Reproduce the complete set of records exactly. No picture is to appear in the copy.

Segment Start: DATA RECORDS

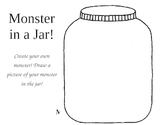 Monster Writing in a Jar {FREEBIE}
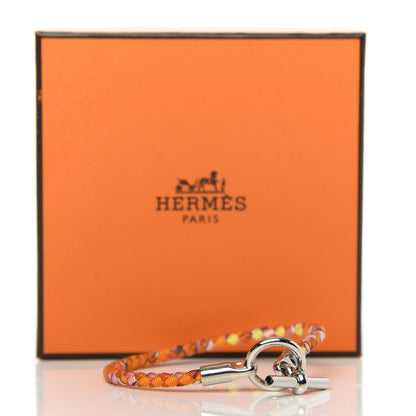 Hermes Silk Glenan Bracelet T2 Tropical 4 of 4
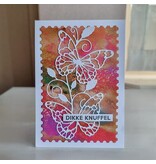 Wenskaart - Dikke knuffel (vlinders)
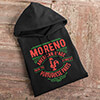 Portuguese Parts Black Adult Hooded Sweatshirt ALT1 Thumbnail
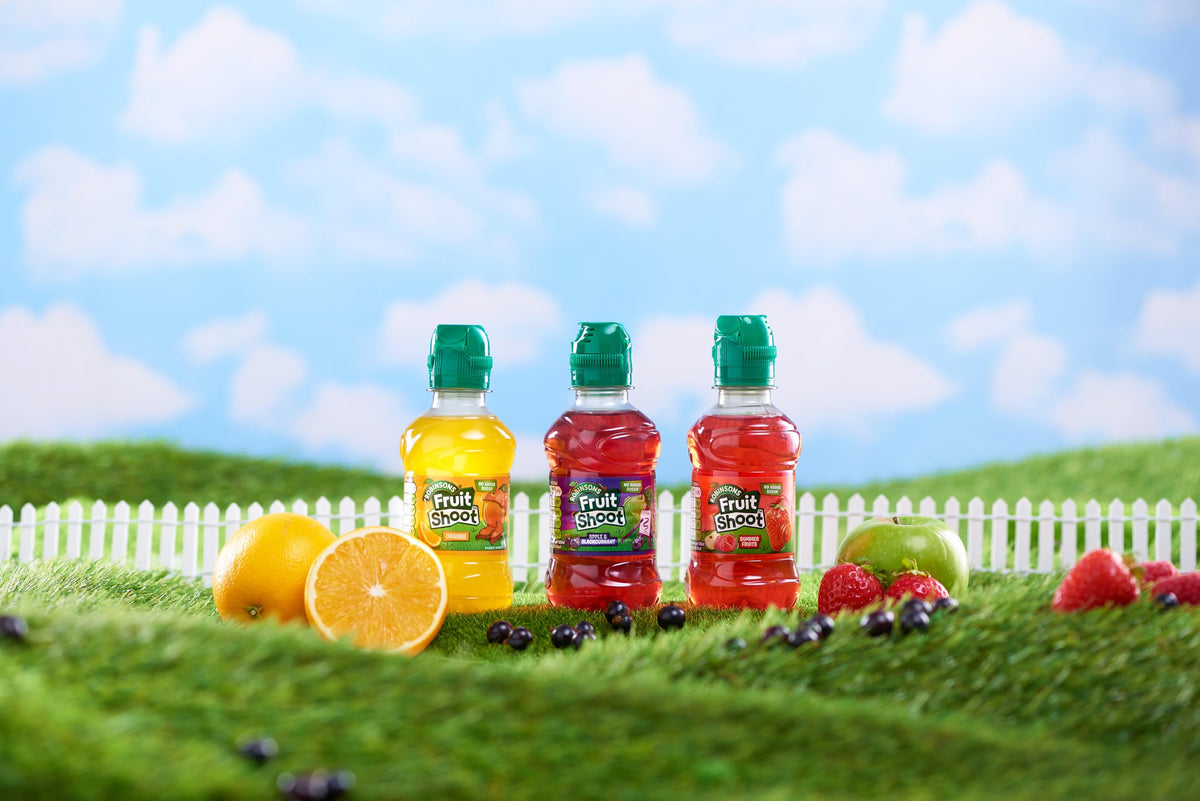 FRUIT SHOOT Orange Fruit Juice - Low Calorie, No Added Sugar, Vitamins 11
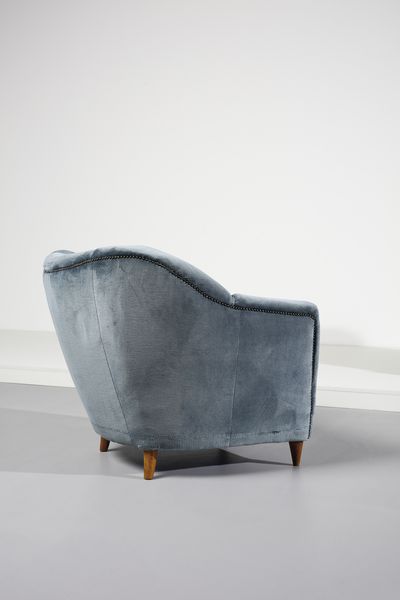 PONTI GIO (1891 - 1979) : Coppia di poltrone per Cassina  - Asta Asta 417 | DESIGN E ARTI DECORATIVE DEL NOVECENTO Online - Associazione Nazionale - Case d'Asta italiane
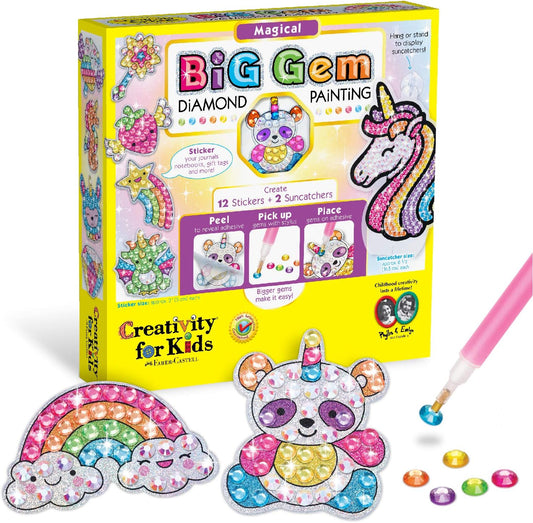 Creativity for Kids Big Gem Diamond Painting Kit – Magical (Unicorn)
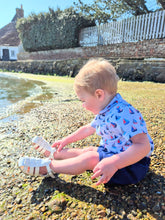 Load image into Gallery viewer, BUTTON UP BABY - SHIRT AND SHORTS 2 PIECE SET - SAILING BOATS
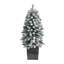 Sapin de Noël artificiel floqué Highland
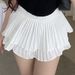 Plus Size Black T-Shirt Top And High Waist Slimming Cake Skirt Set For Slightly Chubby Girls_ecoleips.com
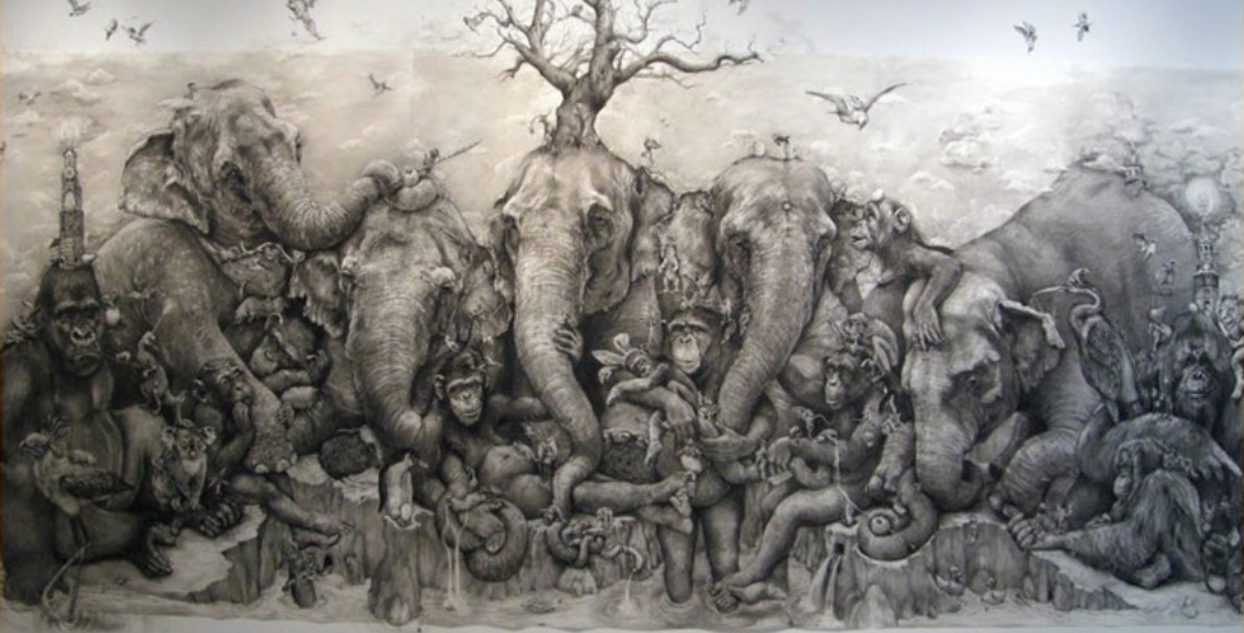 2026 September 15 - Weekly Festival Travelogue - Grand Rapids, Michigan, U.S. - ArtPrize - 2012 Public Vote Grand Prize Winner - Elephants – Adonna Khare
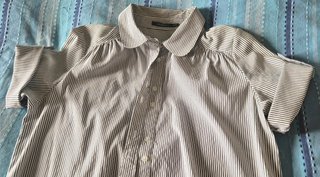Camisa vestido de rallas con bolsillos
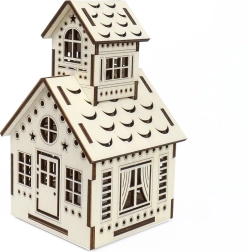 Træhus med klokketårn med LED-lys – KÚZLO DREVA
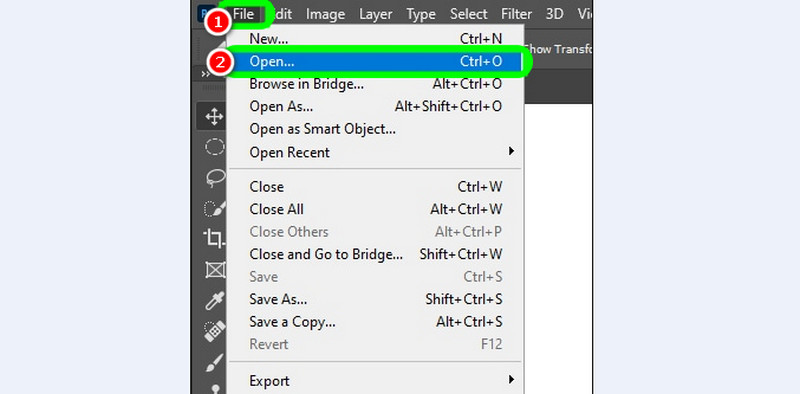 Datei Öffnen Photoshop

Segment End: DATA RECORDS

RESPONSE AREA →
 Monster Writing in a Jar {FREEBIE}
 Hermes Silk Glenan Bracelet T2 Tropical 4 of 4
 Wenskaart - Dikke knuffel (vlinders)
 Portuguese Parts Black Adult Hooded Sweatshirt ALT1 Thumbnail
 FRUIT SHOOT Orange Fruit Juice - Low Calorie, No Added Sugar, Vitamins 11
 PONTI GIO (1891 - 1979) : Coppia di poltrone per Cassina  - Asta Asta 417 | DESIGN E ARTI DECORATIVE DEL NOVECENTO Online - Associazione Nazionale - Case d'Asta italiane
 Creativity for Kids Big Gem Diamond Painting Kit – Magical (Unicorn)
 Load image into Gallery viewer, BUTTON UP BABY - SHIRT AND SHORTS 2 PIECE SET - SAILING BOATS
 Sapin de Noël artificiel floqué Highland
 Plus Size Black T-Shirt Top And High Waist Slimming Cake Skirt Set For Slightly Chubby Girls_ecoleips.com
 2026 September 15 - Weekly Festival Travelogue - Grand Rapids, Michigan, U.S. - ArtPrize - 2012 Public Vote Grand Prize Winner - Elephants – Adonna Khare
Camisa vestido de rallas con bolsillos
 Træhus med klokketårn med LED-lys – KÚZLO DREVA
 Datei Öffnen Photoshop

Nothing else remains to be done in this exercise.